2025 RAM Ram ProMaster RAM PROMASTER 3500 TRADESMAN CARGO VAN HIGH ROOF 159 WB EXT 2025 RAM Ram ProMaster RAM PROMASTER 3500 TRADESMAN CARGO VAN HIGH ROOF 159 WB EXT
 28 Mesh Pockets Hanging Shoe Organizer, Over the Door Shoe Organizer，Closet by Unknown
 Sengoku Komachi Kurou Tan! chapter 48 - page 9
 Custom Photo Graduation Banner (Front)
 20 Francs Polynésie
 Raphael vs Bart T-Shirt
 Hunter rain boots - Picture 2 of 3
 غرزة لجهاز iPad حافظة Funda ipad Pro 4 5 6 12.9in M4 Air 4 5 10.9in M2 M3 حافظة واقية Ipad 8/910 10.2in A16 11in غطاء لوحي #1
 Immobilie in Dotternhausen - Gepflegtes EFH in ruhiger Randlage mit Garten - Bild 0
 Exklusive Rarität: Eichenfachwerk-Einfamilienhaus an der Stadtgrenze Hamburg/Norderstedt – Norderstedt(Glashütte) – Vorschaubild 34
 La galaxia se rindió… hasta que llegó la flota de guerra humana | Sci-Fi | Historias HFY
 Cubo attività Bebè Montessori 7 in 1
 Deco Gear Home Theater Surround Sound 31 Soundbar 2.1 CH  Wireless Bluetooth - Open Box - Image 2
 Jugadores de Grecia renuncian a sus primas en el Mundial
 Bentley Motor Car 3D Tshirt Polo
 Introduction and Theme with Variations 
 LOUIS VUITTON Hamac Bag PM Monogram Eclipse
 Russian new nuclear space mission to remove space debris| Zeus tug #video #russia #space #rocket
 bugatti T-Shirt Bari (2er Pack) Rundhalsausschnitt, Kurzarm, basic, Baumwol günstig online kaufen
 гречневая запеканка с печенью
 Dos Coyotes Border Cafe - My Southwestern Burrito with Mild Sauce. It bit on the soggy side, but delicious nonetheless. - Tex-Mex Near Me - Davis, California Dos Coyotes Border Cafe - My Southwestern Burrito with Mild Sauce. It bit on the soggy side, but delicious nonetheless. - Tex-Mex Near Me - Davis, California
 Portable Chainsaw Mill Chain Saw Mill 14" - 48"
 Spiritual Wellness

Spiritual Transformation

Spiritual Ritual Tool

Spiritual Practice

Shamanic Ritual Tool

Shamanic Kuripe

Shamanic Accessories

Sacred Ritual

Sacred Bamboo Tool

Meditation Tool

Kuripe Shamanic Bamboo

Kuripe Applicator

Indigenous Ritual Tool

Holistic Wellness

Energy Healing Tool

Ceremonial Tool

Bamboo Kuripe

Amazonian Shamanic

==========

WHAT IS REQUIRED >> Everything from the line holding "Raphael vs Bart T-Shirt" through the last line of the entries should be retyped exactly, with no other lines.

RESULT OF THIS EXERCISE >>
 Raphael vs Bart T-Shirt
 Hunter rain boots - Picture 2 of 3
 غرزة لجهاز iPad حافظة Funda ipad Pro 4 5 6 12.9in M4 Air 4 5 10.9in M2 M3 حافظة واقية Ipad 8/910 10.2in A16 11in غطاء لوحي #1
 Immobilie in Dotternhausen - Gepflegtes EFH in ruhiger Randlage mit Garten - Bild 0
 Exklusive Rarität: Eichenfachwerk-Einfamilienhaus an der Stadtgrenze Hamburg/Norderstedt – Norderstedt(Glashütte) – Vorschaubild 34
 La galaxia se rindió… hasta que llegó la flota de guerra humana | Sci-Fi | Historias HFY
 Cubo attività Bebè Montessori 7 in 1
 Deco Gear Home Theater Surround Sound 31 Soundbar 2.1 CH  Wireless Bluetooth - Open Box - Image 2
 Jugadores de Grecia renuncian a sus primas en el Mundial
 Bentley Motor Car 3D Tshirt Polo
 Introduction and Theme with Variations 
 LOUIS VUITTON Hamac Bag PM Monogram Eclipse
 Russian new nuclear space mission to remove space debris| Zeus tug #video #russia #space #rocket
 bugatti T-Shirt Bari (2er Pack) Rundhalsausschnitt, Kurzarm, basic, Baumwol günstig online kaufen
 гречневая запеканка с печенью
 Dos Coyotes Border Cafe - My Southwestern Burrito with Mild Sauce. It bit on the soggy side, but delicious nonetheless. - Tex-Mex Near Me - Davis, California Dos Coyotes Border Cafe - My Southwestern Burrito with Mild Sauce. It bit on the soggy side, but delicious nonetheless. - Tex-Mex Near Me - Davis, California
 Portable Chainsaw Mill Chain Saw Mill 14" - 48"
 Spiritual Wellness

Spiritual Transformation

Spiritual Ritual Tool

Spiritual Practice

Shamanic Ritual Tool

Shamanic Kuripe

Shamanic Accessories

Sacred Ritual

Sacred Bamboo Tool

Meditation Tool

Kuripe Shamanic Bamboo

Kuripe Applicator

Indigenous Ritual Tool

Holistic Wellness

Energy Healing Tool

Ceremonial Tool

Bamboo Kuripe

Amazonian Shamanic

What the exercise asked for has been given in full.